Il n'est pas nécessaire d'être grand clerc, ni même éditorialiste inspiré, pour annoncer que le gouvernement court tout droit à la catastrophe.
Après avoir vilipendé Sarkozy qui clivait les Français, François Hollande tombe dans les mêmes travers. Après s'en être pris, lui ou ses proches, à des gens comme Depardieu qui quittaient la France (pour des raisons, dans un contexte normal, contestables); après avoir fait voter la loi sur le mariage pour tous (je suis favorable à cette mesure, mais, là encore, dans la situation économique actuelle, était-ce l'urgence absolue?); après avoir refusé de faire adopter un texte qui aurait interdit les licenciements économiques boursiers; après avoir commis cette erreur incroyable de nommer Cahuzac au Budget (qui peut croire que l'UMP ignorait l'existence de son compte en Suisse alors qu'il était président de la commission des finances, et que ces informations n'aient pas filtré?); après avoir ignoré les informations de Mediapart sur ce même compte; après avoir paru tomber des nues lorsque Cahuzac a « avoué »; après tout cela, la crédibilité de ce gouvernement est totalement anéantie.
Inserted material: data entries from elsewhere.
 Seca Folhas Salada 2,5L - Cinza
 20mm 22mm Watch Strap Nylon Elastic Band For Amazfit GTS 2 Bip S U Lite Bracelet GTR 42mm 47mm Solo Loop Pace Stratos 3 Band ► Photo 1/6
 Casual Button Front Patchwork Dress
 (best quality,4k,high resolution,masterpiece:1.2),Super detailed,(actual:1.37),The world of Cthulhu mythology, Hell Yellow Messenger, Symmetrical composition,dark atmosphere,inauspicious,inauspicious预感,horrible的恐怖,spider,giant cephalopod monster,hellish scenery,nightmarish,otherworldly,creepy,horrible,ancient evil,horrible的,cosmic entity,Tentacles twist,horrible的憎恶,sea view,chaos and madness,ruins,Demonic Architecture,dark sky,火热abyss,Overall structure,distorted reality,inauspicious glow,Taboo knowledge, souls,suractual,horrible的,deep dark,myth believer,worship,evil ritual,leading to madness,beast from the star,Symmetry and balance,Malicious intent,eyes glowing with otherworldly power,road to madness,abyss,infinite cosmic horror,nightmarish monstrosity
Quel est l'état de la société aujourd'hui? D'un côté, les électeurs de François Hollande sont (on le serait à moins) déçus pour la plupart, dégoûtés pour une large part. De l'autre côté, ou plus exactement des autres côtés (droite, extrême droite, extrême gauche), le président leur fournit chaque jour un nouvel argument pour justifier la déception qu'ils ont connue à l'annonce de son élection.
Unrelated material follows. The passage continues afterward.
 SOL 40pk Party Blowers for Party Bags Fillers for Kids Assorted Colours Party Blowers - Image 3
Quand des hommes et femmes politiques prendront-ils conscience du fait que l'immense majorité de leurs électeurs ne sont pas des militants? Qu'ils ont une sympathie pour tel ou tel lorsqu'ils glissent leur bulletin de vote dans l'urne, mais qu'ils n'ont pas une conscience politique à ce point affirmée qu'ils aient envie de se battre pour défendre celui ou celle qu'ils ont choisi, quelle que soit son action? Ce sont tous ceux-là qui, aujourd'hui, chaque jour, à chaque fois qu'ils discutent en croisant une connaissance dans la rue, expriment leur ras-le-bol. Bien sûr que le mariage pour tous était inscrit dans le programme du candidat, mais il est encore plus évident que l'immense majorité des Français qui ont voté pour François Hollande ont d'abord voulu sanctionner Nicolas Sarkozy; certains d'entre eux ont sans doute même cru qu'il allait, comme il le promettait, réduire le taux de chômage, améliorer leur pouvoir d'achat, agir pour faire baisser le prix de l'essence, etc., etc.
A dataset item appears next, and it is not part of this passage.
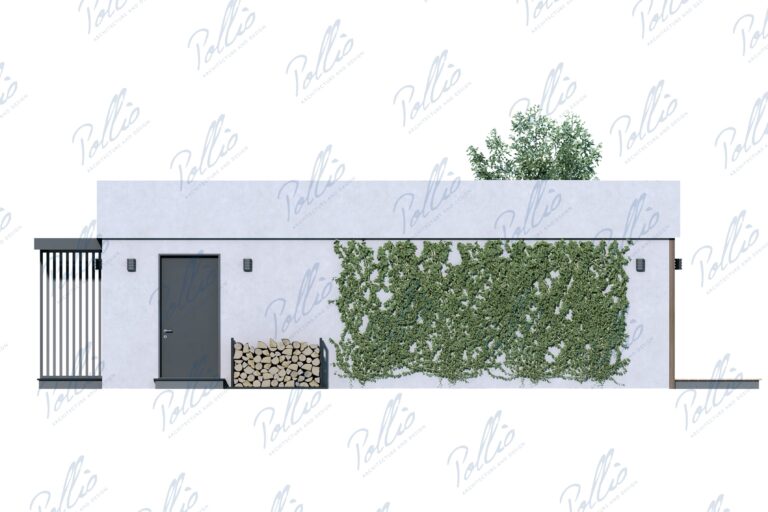 X43 - Projekt parterowego domu szkieletowego do 80m² w kształcie litery L z płaskim dachem i dużym tarasem / 5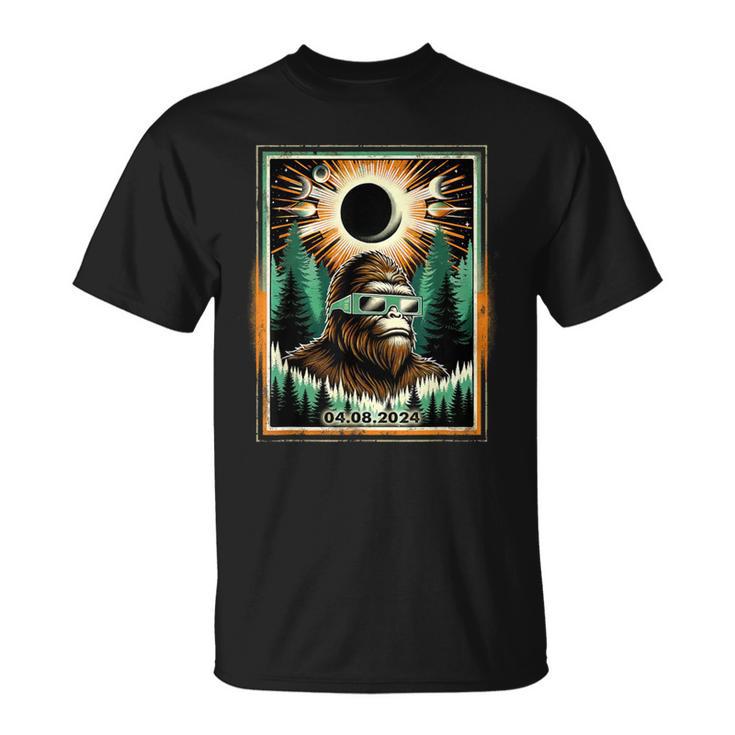 Vintage Bigfoot Total Solar Eclipse 2024 Sasquatch T-Shirt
En toute logique, ce mécontentement croissant va de plus en plus s'exprimer en direction de tout le personnel politique du PS. L'irruption des salariés de PSA Aulnay lors du conseil national du PS en est l'un des premiers signes. La folie des militants les plus extrémistes contre le mariage pour tous est elle aussi en train de déteindre sur tous ceux qui ont manifesté contre cette loi pour des raisons confessionnelles, morales ou autres, en tout cas pas fondées sur les mêmes arguments que ceux de l'extrême droite et/ou des intégristes catholiques. Des violences ont eu lieu déjà, aucun incident n'a encore conduit à des drames, mais les discours et les actes constatés aujourd'hui ne laissent rien augurer de bon. Que se passera-t-il si, dans les jours qui viennent, l'on déplore des blessés dans de nouvelles manifestations qui ne manqueront pas de se tenir?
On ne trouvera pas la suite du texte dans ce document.